En attribuant des caractéristiques plus négatives à un personnage, il semble évident que les défauts ne passent que plus facilement dans l’histoire que s’ils sont introduits dans des situations et non des descriptions. Mais il s’agit là encore d’une préférence personnelle. Préféreriez-vous une liste de défauts ou la manifestation de ces défauts dans le récit ?

Il existe plusieurs dérivés de la Mary-Sue et du Gary Stu (son équivalent masculin) : l’Angsty Sue est une Mary-Sue au passé si torturé qu’il sent la construction artificielle à plein nez. L’Anti-Sue reprend l’idée du paragraphe suivant : l’injection excessive de défauts, visant ouvertement à contrer l’écueil de la création d’une Mary-Sue. Le résultat est souvent un anti-héros sans saveur. Et la Villain Sue (le Mal, c’est cool).

La projection d’un personnage aux pensées et aspirations calquées sur celles de l’homme ou de la femme moderne (caractères, valeurs morales occidentales ?) au sein d’un monde de fiction ouvertement inspiré d’un contexte historique précis (le Moyen-Âge dans telle ou telle partie du monde) peut aussi parfois donner naissance à de nombreuses contradictions ou incohérences.

Faut-il nécessairement créer un anti-héros pour inventer un personnage nuancé et réaliste ? Un héros qui fait des erreurs est-il nécessairement un anti-héros ?

La réponse à cette question se fera dans l’écriture, dans la manière d’amener les nuances. 

Bilan des Imaginales

Une semaine au planning chargé, toutes les conférences sont intéressantes. Durant une grande majorité d’entre elles, l’accent est mis sur la promotion des livres par leurs auteurs respectifs, avec une importance particulière accordée à leurs personnages de fiction. Dommage que les questions des arbitres sous les tentes se limitent souvent au cadre des histoires présentées et n’élargissent pas l’analyse au genre de la fantasy en général, et à l’insertion de ces récits dans des problématiques littéraires plus larges, en tenant compte du riche héritage laissé par les Précurseurs (j’aurais aimé entendre davantage le nom de Moorcock, d’Howard ou de Lovecraft, des noms que je n’ai entendus que de la bouche de Patrick Moran durant la conférence « Les anti-héros et les vrais méchants »). Davantage d’histoire de la littérature de fantasy, en somme.

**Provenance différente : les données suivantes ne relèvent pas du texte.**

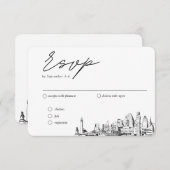 Baltimore Bruiloft Traditionele RSVP Maaltijden Op Informatiekaartje (Voorkant / Achterkant)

Ce festival offre une immersion dans l’univers éditorial de la fantasy d’aujourd’hui, l’occasion de rencontrer les auteurs qui font la fantasy (et la science-fiction) au 21ème siècle. Une tente ou deux réservées à la vente de livres d’occasion, où l’on peut retrouver les vieux titres qui ont constitué l’histoire du genre, satisferont l’appétit des nostalgiques de Cthulhu, Conan ou Elric.